It doesn't freeze, Bob. We call anything we put on patches, "Lube", spit, plain water, oils, greases, whatever. What this concotion does or doesn't do is freeze on the muzzle or part way down the bore when we are loading it, as spit or plain water does during the "cooler" months, up here, so we started using winter windshield washer fluid + a bit of oil many years ago and if it ain't broke - kind of thing.
Some guys were using Windex, but that was a lot more expensive than WWWF. A gallon lasts a whole year, or more depending on the amount of shooting one does, of course.
I use pre-cut, pre-lubed patches nowadays, although I used to always cut at the muzzle, long time ago when I had lots of spit. Now, I find it's easier to use precuts, prelubed.
The mount of oil introduced will vary with each person - I add the oil as it seems to slow the evapouration in the summer time and will remain in the patch to help 'lube' if the patches do dry somewhat. Having the lubed patches stored in a more water proof container in the summer time is a good idea - Speer bullet boxes in the smaller sizes work very well but are bright yellow plastic, a bit hard on the eyes.
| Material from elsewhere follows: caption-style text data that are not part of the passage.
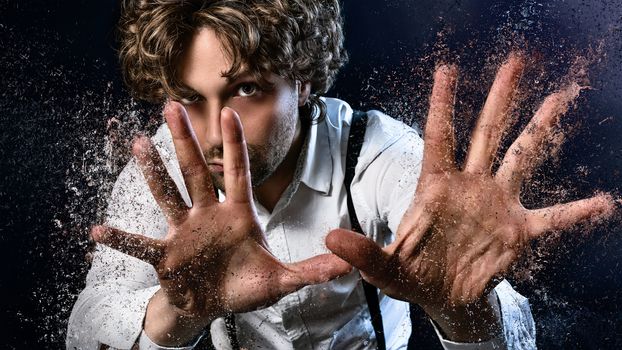 image of a man who performs magic with his hands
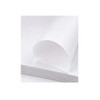 Close-up of stacked freezer paper sheets with top sheet curled upward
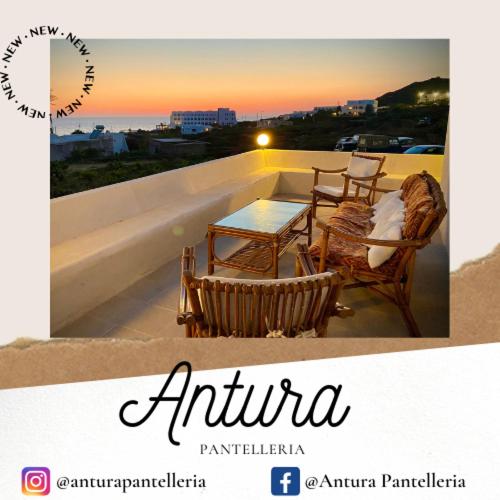 a picture of a balcony with a table and chairs at Antura in Pantelleria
I use about 1 ounce of oil per 10 ounces of liquid. Shake to blend then pour over the patches - pour out the excess back into the bottle, gently squeeze out the excess with a finger and pour that back into the bottle- done. The patches are wet, but not dripping-out-of-the-box & into the pouch-type wet, but wet. If you are getting crunchy loading, your patch is too thin or not enough lube to clean each shot previously fired.
Note- If I had to wait 10 or 15 minutes between shots, I'd probably wipe the bore between shots when using water based lubes. If using oils or greases, I'd re-load right away and not have trouble with dried fouling. After the shot is fired, the fouling is soft, due to moisture from the previous shot. Reloading with a wet patch is easy as the fouling (of previous shot) is not completely dry and the wet patch easily pushes the previous shot's fouling down the bore.
Note, also - you can actually have a load combination that seemingly shoots "cleanly" with no fouling buildup yet is still blowing by slightly (brown scorch streaks on the patch from the grooves) or the patches are being stressed too much - ie: almost cut when loading, yet the load is not as accurate as it should be- as the patch is too thin.
I found this with my new .50, using an 8 ounce denim which I measured at .020" & a .495 ball. The combination shot cleanly, but there was some blowby - visible by a couple brown scorch marks on picked up patches. The next time out, I had switched to the heavier railroad ticking I measured at .0235", loading was still easy, patches were litterally re-useable, no scorch marks with perfect sealing & no stressing of the material by the lands upon loading. Upon cleaning the rifle & lock in the small stainless bucket I'm suing now, mind you I only fired about 50 shots using 3drams of 2F and the combination noted, the water was just a light greyish and still quite clear. I had fired the last load with about 15 or 20gr. of powder and a standard patched ball, thus cleaning out almost all of the fouling buildup in the breech area. The water only tasted slightly sulfurish - YES.
I currently use Sucrets tins along with the trackofthewolf fire-starter hinged boxes, their glasses boxes or the their (about 2 5/8"" dia.) snuff (or whatever they are) containers also make good patch containers for wet patches, especially for large patches.
I try to anticipate how many patches I'll need for any given 'shoot' and only lube up that number as applying lube several times increases the oil content with each re-application of 'lube' and thus has the possibility to change point of impact or accuracy. Some guns, like my 14 bore, do not seem to care what lube or how much is there.